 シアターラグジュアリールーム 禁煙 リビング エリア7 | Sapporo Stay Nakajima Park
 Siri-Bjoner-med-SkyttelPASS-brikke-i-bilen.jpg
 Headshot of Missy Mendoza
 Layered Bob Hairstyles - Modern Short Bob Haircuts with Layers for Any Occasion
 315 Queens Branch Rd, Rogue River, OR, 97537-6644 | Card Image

◆ ◆ ◆

**EXERCISE**
What the answer should hold is an exact copy of each line from the one containing "Siri-Bjoner-med-SkyttelPASS-brikke-i-bilen.jpg" to the final line of the listing above.

**WRITTEN RESPONSE**
 Siri-Bjoner-med-SkyttelPASS-brikke-i-bilen.jpg
 Headshot of Missy Mendoza
 Layered Bob Hairstyles - Modern Short Bob Haircuts with Layers for Any Occasion
 315 Queens Branch Rd, Rogue River, OR, 97537-6644 | Card Image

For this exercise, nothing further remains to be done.